For all his criticisms, Andersen echoes some of the same sentiments held by Metco alums when he says that for most of its history, the Lexington community “brought in the students, checked the box that they had done something good, and buried the outcomes and what was happening to those children over on the side.” As he sees it, the lack of information from METCO, Inc. about the profile of families that are accepted into the program undermines its ability to properly judge student outcomes. “I don’t think [Metco] has any proven outcomes, to be honest,” he says, suggesting a selection bias. “I think that the Metco program directs its resources to those African Americans who have the most advantages.”
While the 97 percent graduation rate of Metco’s most recent cohort bests both the state average (87 percent) as well as that of the receiving districts (95 percent), and is 30 percent higher than the rates of Boston and Springfield, there is nevertheless an ongoing debate about the program’s impact, even in state offices. DESE’s Cliff Chuang sees limits to how the program has been evaluated. “Metco students have generally done well in terms of [standardized test] MCAS performance and graduation rates,” he wrote in an email response to questions for this story. “However, this has not been studied in a way that controls for the characteristics of students who choose to participate in Metco.” Such characteristics might include economic standing, family dynamics, or relatives with experience in the program.
Dr. Susan Eaton, the former research director of Harvard Law School’s Charles Hamilton Houston Institute for Race and Justice, has a firmer outlook. “It seems to me,” she says, based on the available and admittedly imperfect data, “it does benefit the individual people who go through the Metco program.”
Some of those benefits are more easily quantified than others. In Eaton’s research, many former Metco students felt they had benefited from the favorable optics the program afforded them. Even if the schooling they received in their new districts may have been comparable to what they would have experienced elsewhere, the perception that their education was suburban and thereby upscale carried weight later in life. Eaton also found that many former students felt that their experiences left them feeling uniquely equipped to act as a bridge between worlds, exhausting as that task can be.
As one of Eaton’s anonymous subjects in The Other Boston Busing Story attests, “You’re going along with that strength in you, not full of this obsession that a lot of blacks have, like they can’t cope in a white place [because] they feel so on stage all the time. I don’t have that. I did.”
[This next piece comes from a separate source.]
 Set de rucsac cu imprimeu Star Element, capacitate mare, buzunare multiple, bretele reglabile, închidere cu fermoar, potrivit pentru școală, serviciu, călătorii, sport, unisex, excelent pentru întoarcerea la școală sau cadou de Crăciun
In response to such testimonials, Andersen says putting a premium on such tools strikes him as “a very white, liberal interpretation of success.” “If you want to trade some more money for alienation, that’s a choice you can make,” he says. “[Metco] doesn’t really expose our kids to kids who are disadvantaged. … I’m not interested, as a taxpayer, in contributing to a program that takes people who otherwise are going to do well and shuffles them around.”
Navigating History
The Metco program is less centralized than one might imagine. With the funds provided by DESE at their disposal, districts are left to hire and oversee Metco directors and coordinators for their schools independently. METCO, Inc. then provides outside support services to those in the network via parent orientations, student tutoring, and additional counseling through their Boston offices.
Metco host districts and METCO, Inc. are not formally affiliated, so regional program directors and coordinators are paid by and report to their respective school administrators, not a higher Metco chain of command. This can lead to large variance in the ways programs are run, district to district. The positions are also non-union, making the individuals holding those jobs uniquely vulnerable among public school educators.
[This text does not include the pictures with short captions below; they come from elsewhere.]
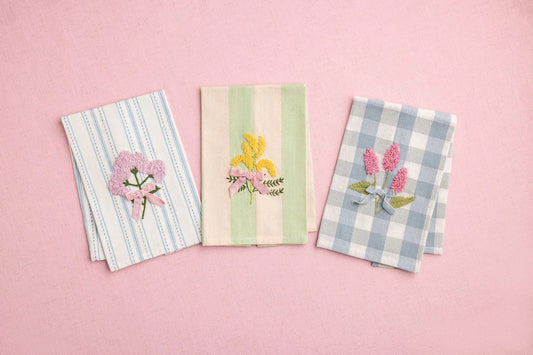 Colored Flower Embroidered Towel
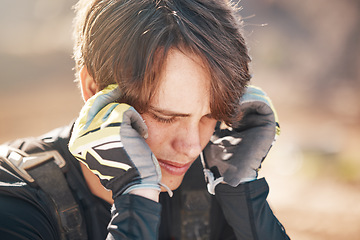 Image showing Headache, thinking and man in nature for cycling, motorcycle stress and sad about fail. Depression, mental health and biker with a migraine after training for sports with competition fear in France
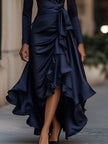 FJØRNA midnight blue satin maxi dress with draped design and ruffle details, elegant evening dress with flowing silhouette.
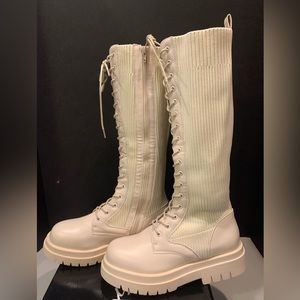 Knitted Sock Design Knee High Biker Boots By Nasty Gal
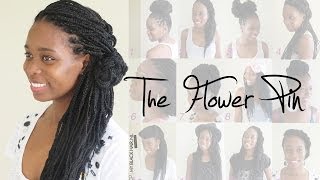 Box Braids Wedding Hairstyle  The Flower Pin [upl. by Aenal]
At Lincoln-Sudbury, Steve Desrosiers was confronted with all manner of challenges as Metco director: teachers with boundary issues looking to “parent” Metco students; complaints of persistent microaggressions from classmates, educators, and administrators; drop-offs in student performance potentially related to matters at home; funding cuts that cost after-school programs; and a swell of overtly bigoted behavior on the part of some resident students.
Desrosiers had come to Lincoln-Sudbury after eight years working for Boston Public Schools, where he spent four years running the city’s No Child Left Behind program and one year with the Office of Engagement, which led him to develop a passion for attacking the achievement gap between minority and non-minority students through hands-on approaches with families. As Desrosiers, who immigrated to the U.S. from Haiti at age 10, came to see it, Metco liaisons are in positions not so dissimilar from Metco students—they are usually among the few minority educators at their schools and thereby must navigate communication and expectation gaps similar to those faced by students.
“That one Metco director walks on thin ice every day,” Desrosiers says. “You’re between two cultures. … You’re always between stakeholders who expect a lot from you, who expect all these insights, but haven’t provided any support for you to be safe as you do that work.”
Tensions encroach from all sides. He continues, “The teachers are coming at you. The school leaders are coming at you. The parents are coming at you.”
At Lincoln-Sudbury, Desrosiers refined the district’s vision for program positions and roles, incorporated parents into students’ study strategies, and aimed to turn the Metco office into an encouraging, laptop-providing study hall. Seeking to model his work there after the successes that Lexington’s retired superintendent Paul Ash and Metco director Barbara Hamilton found a decade prior, Desrosiers prioritized attacking the achievement gap and invited relevant authors and academics to speak to students, trying to capitalize on the region’s university-based brainpower.
Closing the achievement gap is among the most persistent challenges in American education. According to MacArthur “genius grant” winner Nikole Hannah-Jones, who has reported extensively on segregation in schools nationwide, the achievement gap between white and black students was narrowest in 1988, at the peak of school integration. “As soon as we start to see the segregation increasing again, that achievement gap increases,” she told NPR early in 2017. “We’ve actually never gotten back to that low point we were at when schools were at their most integrated.”
Data show that over the last 20 years, as urban segregation in Massachusetts has grown, so has the achievement gap. To address that in his district, Desrosiers found allies in parents as well as teachers who pushed for books and curricula that provided common social context through which resident and Metco students could relate, and in general attempted to mitigate the kinds of isolation that can harm marginalized children in educational settings. He came to believe Metco is overdue for a tune-up.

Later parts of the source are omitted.